The Irish Republican Army (IRA) has reopened negotiations with Northern Ireland's disarmament chief, the outlawed group confirmed on Tuesday night in a brief statement.
The IRA moved hours after Gerry Adams, leader of the IRA-linked Sinn Fein party, said the IRA was willing to resume disarming after a 13-month hiatus -- but would not accept conditions designed to inflict public humiliation on the secretive organization.
In its one-line statement, the IRA offered no hint as to whether it intends to disarm fully and disband in support of Northern Ireland's six-year-old peace accord, as the governments of the UK and Ireland expect.
"The IRA leadership confirms that our representative has been in contact with and has met" the independent disarmament chief, retired Canadian general John de Chastelain, the group said.

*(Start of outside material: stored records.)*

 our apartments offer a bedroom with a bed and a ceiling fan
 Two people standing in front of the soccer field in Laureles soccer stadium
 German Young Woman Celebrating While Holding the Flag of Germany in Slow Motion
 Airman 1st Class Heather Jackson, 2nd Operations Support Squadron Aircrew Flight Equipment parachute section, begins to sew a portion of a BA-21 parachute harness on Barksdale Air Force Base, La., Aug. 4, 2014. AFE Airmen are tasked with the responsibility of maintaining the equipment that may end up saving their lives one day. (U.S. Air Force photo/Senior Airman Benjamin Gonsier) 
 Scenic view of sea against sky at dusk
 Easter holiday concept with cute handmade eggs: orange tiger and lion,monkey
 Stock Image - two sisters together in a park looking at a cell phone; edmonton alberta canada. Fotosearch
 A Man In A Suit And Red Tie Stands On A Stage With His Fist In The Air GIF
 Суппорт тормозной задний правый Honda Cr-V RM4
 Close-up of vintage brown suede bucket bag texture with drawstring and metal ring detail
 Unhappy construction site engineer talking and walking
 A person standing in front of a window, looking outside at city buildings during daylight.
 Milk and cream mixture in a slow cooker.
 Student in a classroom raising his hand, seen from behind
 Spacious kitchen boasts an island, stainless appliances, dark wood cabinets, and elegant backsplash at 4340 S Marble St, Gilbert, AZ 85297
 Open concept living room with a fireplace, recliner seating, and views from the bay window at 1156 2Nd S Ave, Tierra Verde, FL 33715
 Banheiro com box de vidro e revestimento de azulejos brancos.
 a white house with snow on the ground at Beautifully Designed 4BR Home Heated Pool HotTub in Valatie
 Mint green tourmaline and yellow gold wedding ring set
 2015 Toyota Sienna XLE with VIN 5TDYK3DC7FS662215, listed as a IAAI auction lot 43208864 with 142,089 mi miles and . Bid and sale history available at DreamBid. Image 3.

The British and Irish prime ministers, Tony Blair and Bertie Ahern, were to travel to Belfast yesterday to unveil a joint peace package that has taken more than a year of negotiations to produce.
But a major dispute remained firmly in place on Tuesday -- whether the IRA would allow disarmament officials to photograph the destruction of the group's remaining weapons stockpiles.
The Democratic Unionist Party, which represents most of Northern Ireland's British Protestant majority, is demanding this as a condition for forming a new administration alongside its old enemies in Sinn Fein.
Adams, a reputed IRA commander since the mid-1970s, appeared to rule this out.
"I recognize that some unionists have genuine concerns about verification of `arms beyond use,'" Adams said, using the deliberately ambiguous term used by the IRA to describe what disarmament officials are allowed to do with IRA weapons.
"But [Democratic Unionist leader] Ian Paisley has to recognize also that the IRA will not, as I said before, submit to a process of humiliation," Adams said.
The Democratic Unionists immediately accused Adams of seeking to pick the bits of the Anglo-Irish package he liked while ignoring others, such as photographed "proof" of IRA disarmament.
The governments' plans, presented confidentially to both Sinn Fein and the Democratic Unionists on Nov. 17, reportedly include a call on the IRA to allow photos of disarmament to be used to boost Protestant support for power-sharing.